Assim, estamos em condições de analisar, efectivamente, a evolução da competitividade dos produtos nacionais. Observamos, a partir da análise do gráfico, que a partir de 2002 e até 2005 registam-se taxas de crescimento das exportações inferiores às do período pré-euro. Quererá isto dizer, automaticamente, que o euro condicionou a nossa competitividade? Não, de todo. Temos de ter em conta que neste período entraram em cena no mercado internacional, países asiáticos como a China, cuja estrutura de exportações assenta em produtos de baixa tecnologia, ou seja, de mão-de-obra intensiva. Será que estes países afectaram a posição internacional de Portugal? Para respondermos a isto, observemos a estrutura de exportações nacionais no período pré-euro.
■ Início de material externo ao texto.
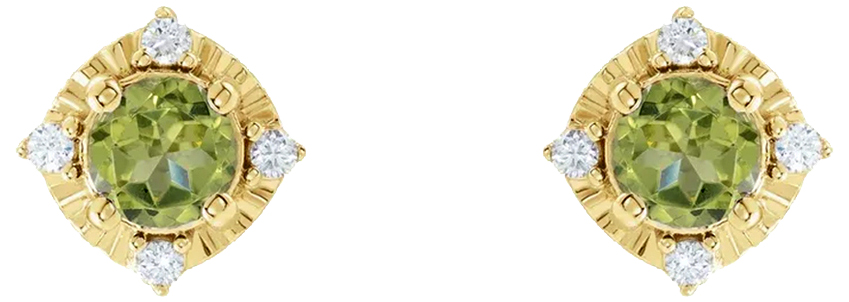 14KYG Peridot Stud Earrings-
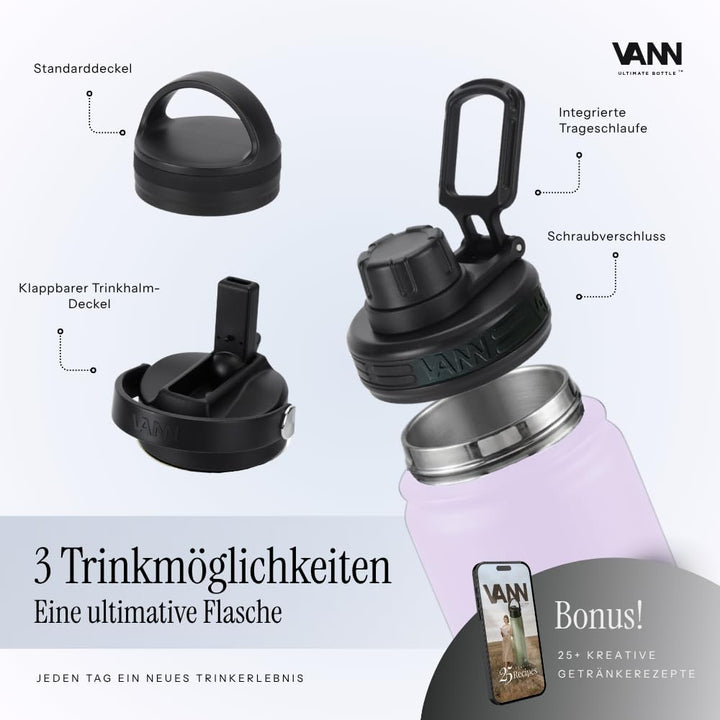 VANN Trinkflasche 650ML mit Strohhalm - 3fach isoliert [24h kalt 12h warm] Love Lila 650 ml, Love Li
Assim, olhando para estes dados, verificamos que antes da adesão ao euro, a economia portuguesa tinha uma estrutura claramente assente em produtos de mão-de-obra intensiva, tal como estes países que entraram em cena nos mercados internacionais. A questão fundamental é a seguinte: seria possível num sistema de câmbios flexíveis responder a esta nova concorrência? Não me parece, uma vez que o salário mínimo chinês ( por exemplo) é muito inferior ao português (para termos uma noção, na zona mais rica da China, Xangai, existiu um aumento para 177 euros, em contraste com os 485 euros nacionais. No entanto, na maioria dos estados chineses estes valores são muito inferiores a 177 euros. Para além disso, o número de horas de trabalho na China é bem superior). Assim, para chegarmos a estes patamares seria necessário uma fortíssima desvalorização da moeda, que seria totalmente incomportável, uma vez que geraria na economia portuguesa um elevado processo inflacionário, com graves consequências. Para além disso, este processo inflacionário reverteria em parte os efeitos da desvalorização da moeda, já que a inflação corresponde a um agravamento dos preços. 

Assim, neste caso, os câmbios flexíveis não reverteriam estes efeitos. Que tipo de ajustamento deve existir?

Deverá haver um novo padrão de especialização da economia nacional, assente em produtos de maior incorporação tecnológica (não quero dizer com isto, que o caminho é a alta tecnologia). Será que a economia portuguesa tem caminhado nesse sentido?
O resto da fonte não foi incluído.